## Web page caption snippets
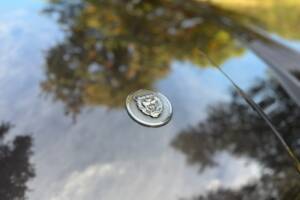 Image 16/47 of Jaguar XJ-S 3.6 (1988)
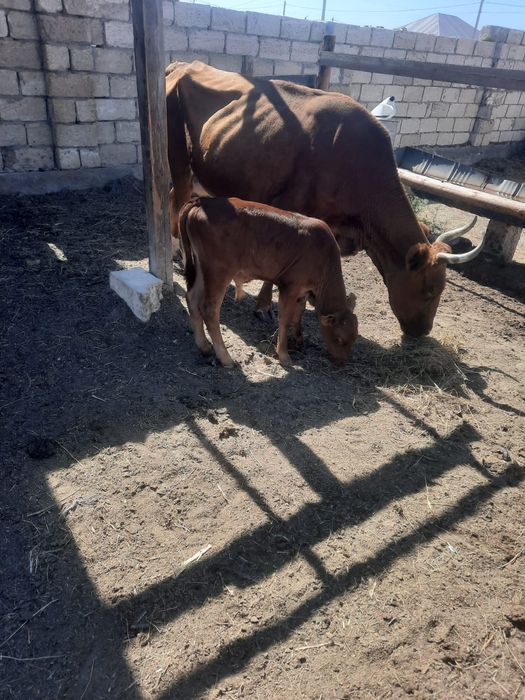 Бұзаулы сиыр сатылады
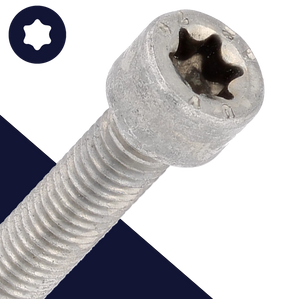 M3X0.5 Torx Socket Head - A2 Stainless ISO 14579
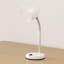 Ervin Metal Desk Lamp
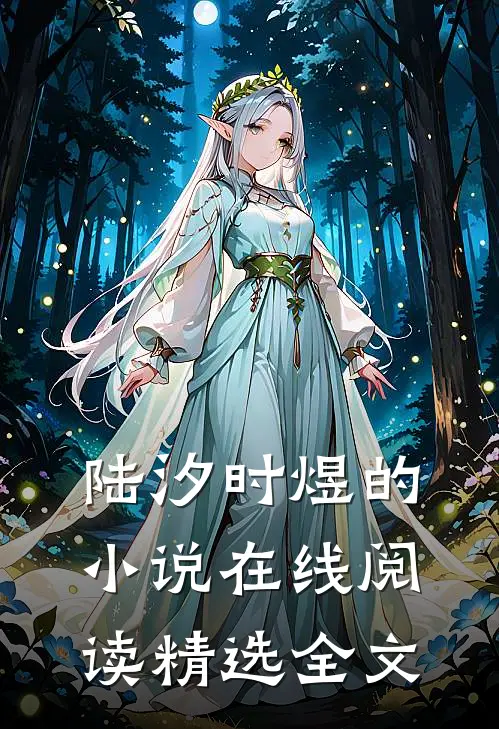 陆汐时煜的小说在线阅读精选全文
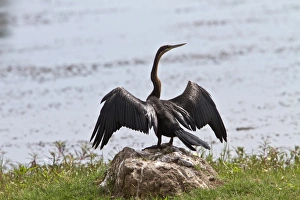 Rufa Prints: African Darter with wings spread - Botswana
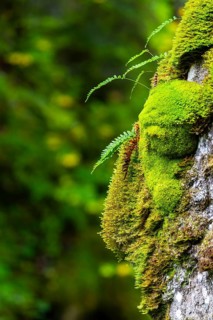 Common ribbed fern (Blechnum spicant) growing on tree, Leptosporangiate ferns (Polypodiopsida), on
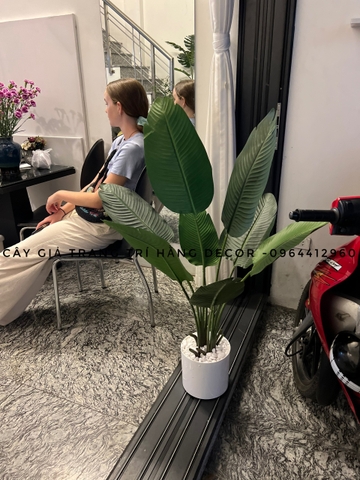 CÂY CHUỐI RẺ QUẠT TRANG TRÍ HẰNG DECOR 1M8(3 nhánh-12 lá)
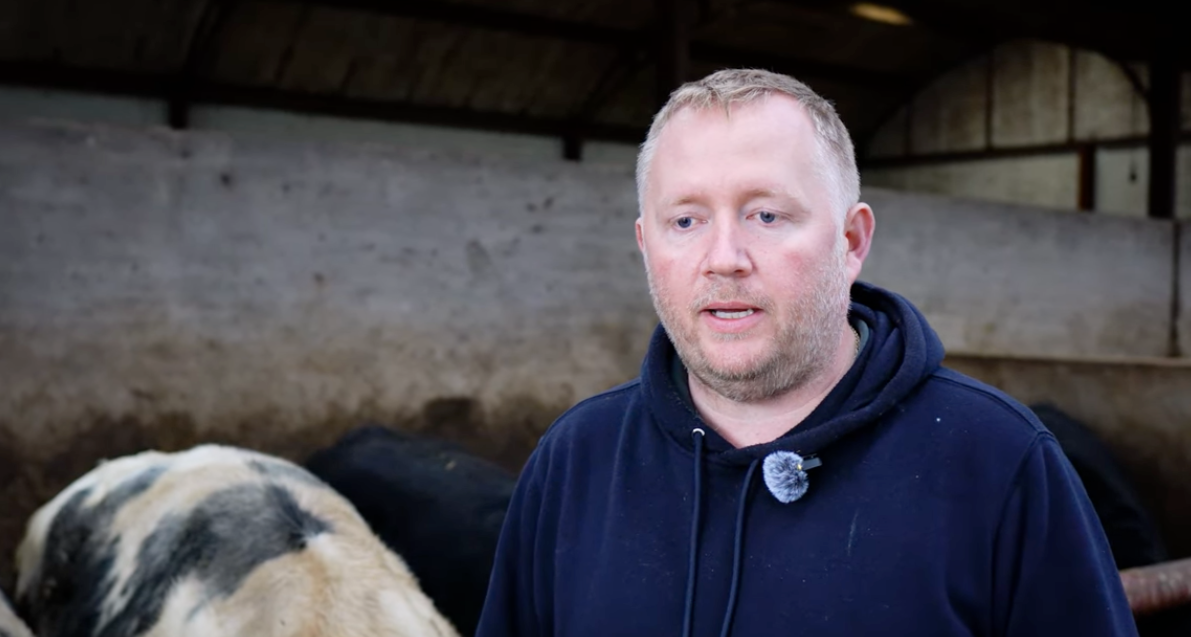 Peter McGuckin – Cattle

## WORK INSTRUCTIONS
A verbatim copy of every entry is wanted; the pictures stay out of it.

## EXERCISE RESULT
 Image 16/47 of Jaguar XJ-S 3.6 (1988)
 Бұзаулы сиыр сатылады
 M3X0.5 Torx Socket Head - A2 Stainless ISO 14579
 Ervin Metal Desk Lamp
 陆汐时煜的小说在线阅读精选全文
 Rufa Prints: African Darter with wings spread - Botswana
 Common ribbed fern (Blechnum spicant) growing on tree, Leptosporangiate ferns (Polypodiopsida), on
 CÂY CHUỐI RẺ QUẠT TRANG TRÍ HẰNG DECOR 1M8(3 nhánh-12 lá)
 Peter McGuckin – Cattle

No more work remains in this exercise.